Guy Saves Man Having Seizure At 12,000ft While Skydiving
It's easy to fear the worst when going into a new situation. For example, if you're starting a new school or job, you might be worried about how you'll get on with your new colleagues, or if you go on a rollercoaster you might even be concerned about it falling off the tracks. Or maybe you're going skydiving and you imagine this happening.
Yep, this is the absolutely terrifying moment that Christopher Jones had a seizure just after jumping out of an aircraft at 9,000 feet - he then spent the next 30 or so seconds unconscious and in freefall. Which is pretty much the worst possible thing that could happen, except for maybe the parachute not opening.
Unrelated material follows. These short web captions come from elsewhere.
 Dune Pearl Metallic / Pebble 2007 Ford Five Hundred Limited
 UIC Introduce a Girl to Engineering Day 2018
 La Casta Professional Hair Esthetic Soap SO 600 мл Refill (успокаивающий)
The dramatic incident, which took place on 14 November 2014, was captured on video by Christopher's jumpmaster, who was fortunately able to catch up to Christopher and pull his ripcord at around 4,000 feet.
The footage shows Christopher, from Perth, Australia, jumping out of the plane. At first he's fine, but when his instructor indicates for him to do a left hand turn, it's clear that something goes wrong and the then-22-year-old rolls onto his back.
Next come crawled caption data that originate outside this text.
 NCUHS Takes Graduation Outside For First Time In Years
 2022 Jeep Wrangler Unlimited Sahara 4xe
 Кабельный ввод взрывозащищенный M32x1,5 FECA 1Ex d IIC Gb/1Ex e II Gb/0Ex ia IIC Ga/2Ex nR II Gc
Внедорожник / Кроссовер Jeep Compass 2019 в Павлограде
It was captured by instructor Sheldon McFarlane's helmet camera - on YouTube, Christopher describes the incident as 'possibly the scariest moment of my life'.
Christopher, who suffers from epilepsy, had wanted to be a pilot, but due to his condition was unable to become one, so figured a skydive was the next best thing. He'd not had a seizure for four years and had been cleared by his doctor to jump.
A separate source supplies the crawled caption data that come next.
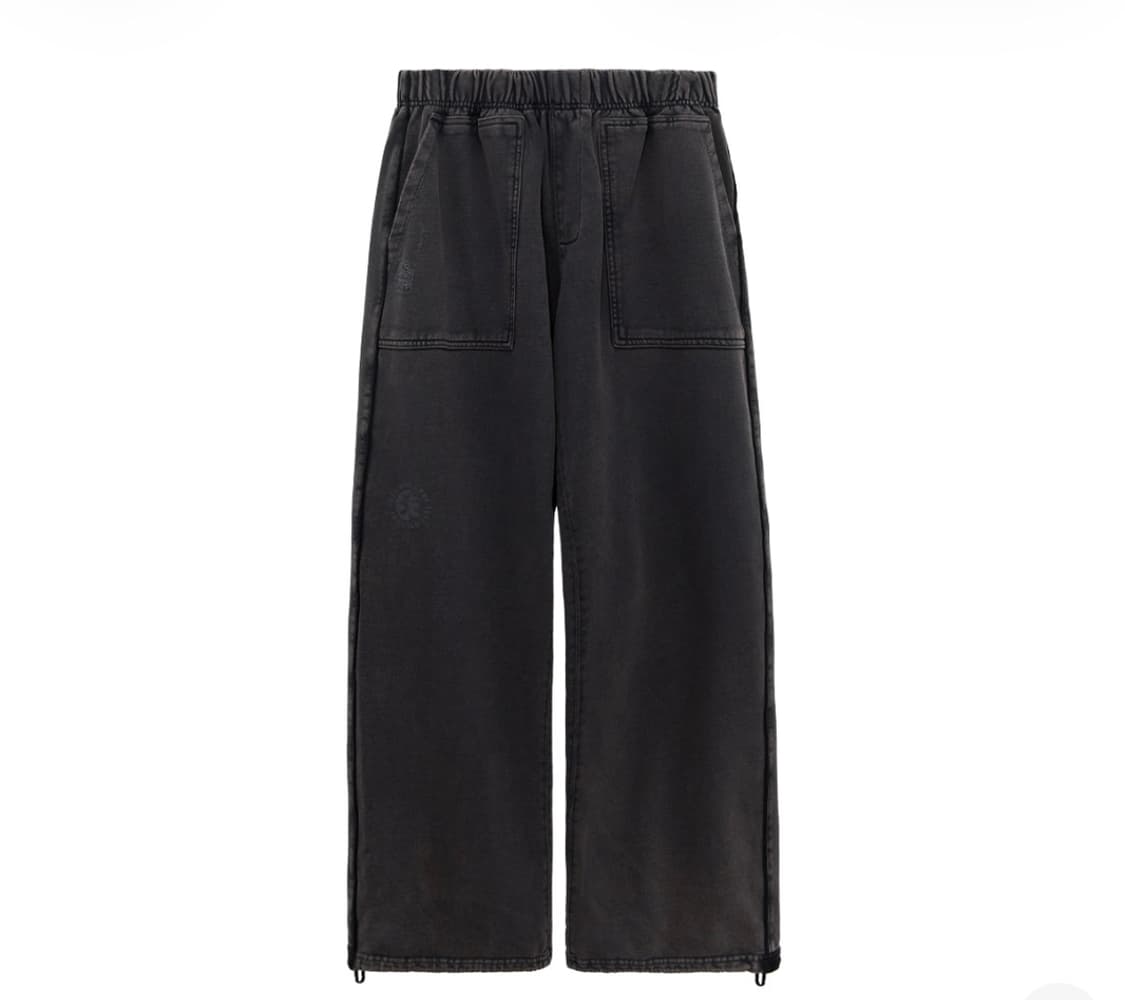 3) 폴리테루 1011 퍼티그 스웻팬츠 하드 워시드 네이비 상품이미지1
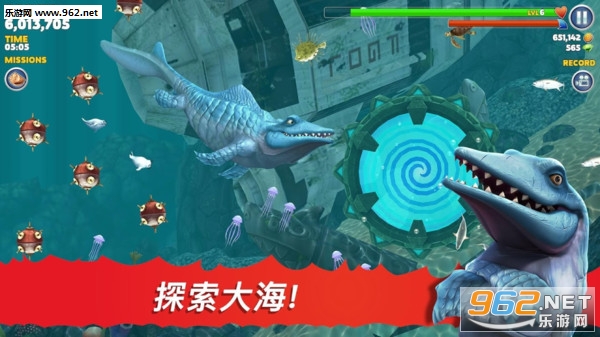 饥饿鲨鱼进化论最新安卓免费中文版v7.0.0截图0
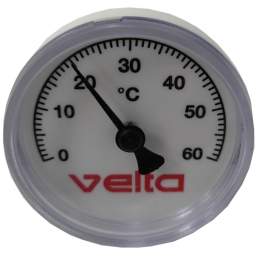 Composite immersion thermometer for VELTA "Compact" manifolds. - Velta - Référence fabricant : 8211017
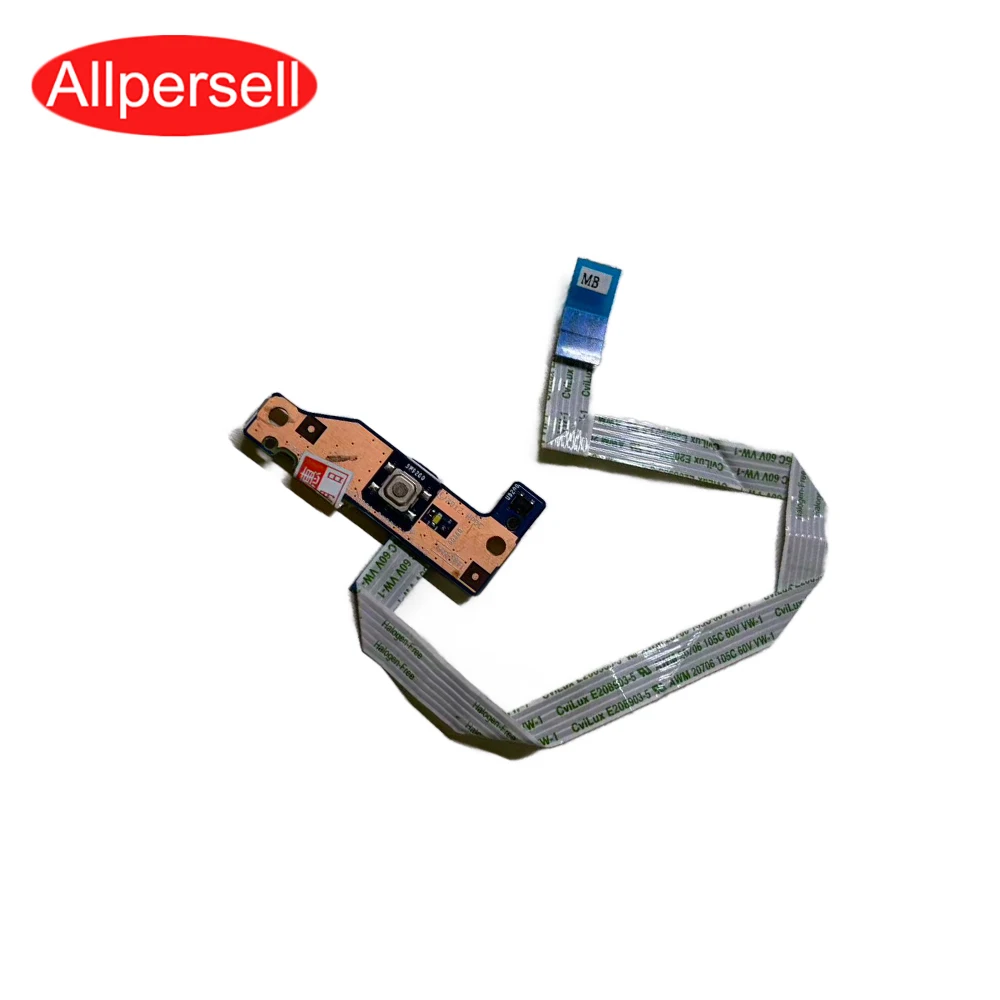 Laptop Power Button Board for Envy M7-J 17-J 17-J000 17-J100 M7-J010DX Switch Board With Cable
Laptop Power Button Board for Envy M7-J 17-J 17-J000 17-J100 M7-J010DX Switch Board With Cable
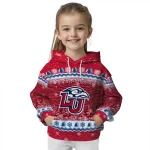 liberty flames christmas trees red hoodie best selling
"I've always wanted to have the feeling of flight, so I just thought, considering I can't fly a plane due to my condition, I thought I'd give it a go," he told ABC News.
As terrifying as it all sounds, his instructor was never worried that Christopher was in danger because there were two automatic activation devices that would have automatically deployed. Nevertheless, he wanted to make sure the situation was completely under control.
"At no time was I worried he was going to hit the ground without a parachute, but given the circumstances and where we were I thought it would be better to get him under parachute earlier than later," McFarlane said.
"I managed to catch him on my second attempt and deploy his parachute."
Christopher regained consciousness at around 3,000 feet and was able to land safely.